If you need to upload a new revscoring version to Pypi, do the following:

  • checkout a copy of the wikimedia/revscoring repository from Github, or ensure that your local copy is up-to-date with all the commits that you want to publish. In the past I released a minor version of revscoring that was built from an unclean copy of my local repository, and I had to publish another version to fix the issue. Please double check before proceeding).
  • You need to build the wheel from a Python 3.7 virtual environment (to be extra sure about not breaking any compatibility). Using Docker is probably the best way to go!
  • Unset history on your bash shell with something like set +o history or similar.
  • Export two variables:
    • PYPI_USER=scoring-internal
    • PYPI_PASS=REDACTED (the real value should be present in pwstore and accessible by SREs, ask to them the password. For SREs: check the machine-learning file in pwstore).
  • Run scripts/deploy.sh from the Github repository of revscoring.

Update models

If you are doing breaking changes to revscoring probably old model files won't work, so you need to rebuild models. Do it using Makefile in editquality & wikiclass repos. If a model changes substantially (new features, new algorithm, etc), make sure to increment the model versions in the Makefile too.

Update wheels

First, clone https://github.com/wiki-ai/ores-wmflabs-deploy:

git clone https://github.com/wiki-ai/ores-wmflabs-deploy

There is are two files in ores-wmflabs-deploy called "requirements.txt" and "frozen-requirements.txt". Update the required version numbers and make wheels by making a virtualenv and installing everything in it:

virtualenv -p python3 tmp
source tmp/bin/activate
pip install --upgrade pip
pip install wheel
pip wheel -w wheels/ -r requirements.txt

It's critical to do this in an environment that will be binary-compatible with the production cluster. Once wheels are ready, there is a repo in gerrit called wheels (in research/ores/wheels) we keep wheels and nltk data in it. You need to git clone, update wheels and make a patch:

git clone ssh://YOURUSERNAME@gerrit.wikimedia.org:29418/research/ores/wheels

Then, you need to copy new versions to wheels folder, delete old ones and make a new patch:

cd wheels
git commit -m "New wheels for wiki-ai 1.2" -a
git review -R

To rebuild the production wheels, use frozen-requirements.txt rather than requirements.txt.

Merge the code and prepare to deploy

There are two use cases: updating repositories with models and updating the ORES deploy repository.
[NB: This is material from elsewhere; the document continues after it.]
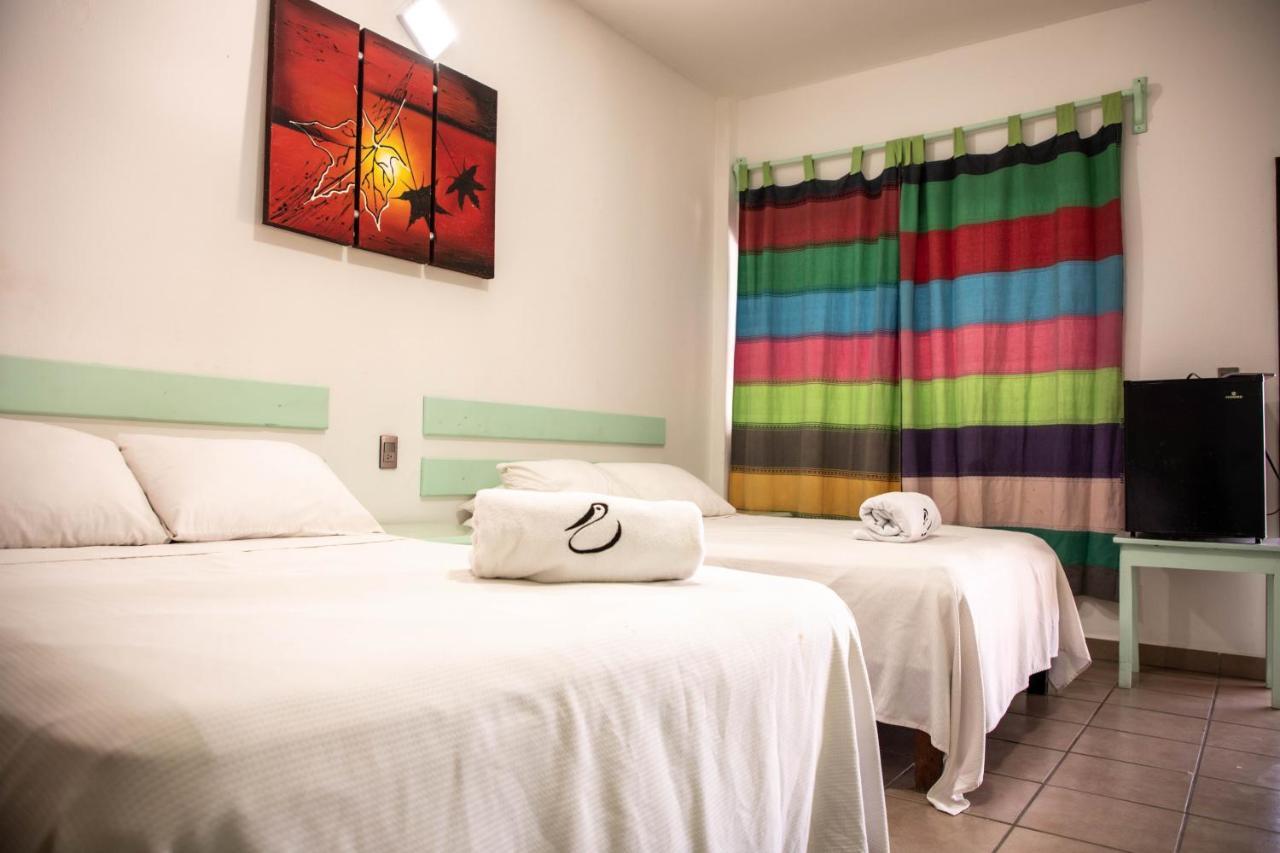 Hotel Playa Zipolite Zewnętrze zdjęcie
Updating model repositories

In this case, we are interested for example to update or add a model to one of the repositories, for example https://github.com/wikimedia/editquality. After doing all the work the first step is to send a pull request to the github repository, and wait for approvals from the WMF Machine Learning team before merging. For example: https://github.com/wikimedia/editquality/pull/233

Once the change is merged, then we need to propagate git LFS object from github to gerrit (since we deploy gerrit repositories in production) following what suggested in https://phabricator.wikimedia.org/T212818#4865070:

$ git clone https://github.com/wikimedia/editquality
$ cd editquality
$ git lfs pull
$ git remote add gerrit https://gerrit.wikimedia.org/r/scoring/ores/editquality
$ git lfs push gerrit master

Updating the ORES deploy repository

This repository is the one that we deploy in production, that includes all the more specific model repositories as git submodules. If you don't need to change git submodules, just change the code and send a gerrit patch, and wait for the WMF Machine Learning team to review and merge.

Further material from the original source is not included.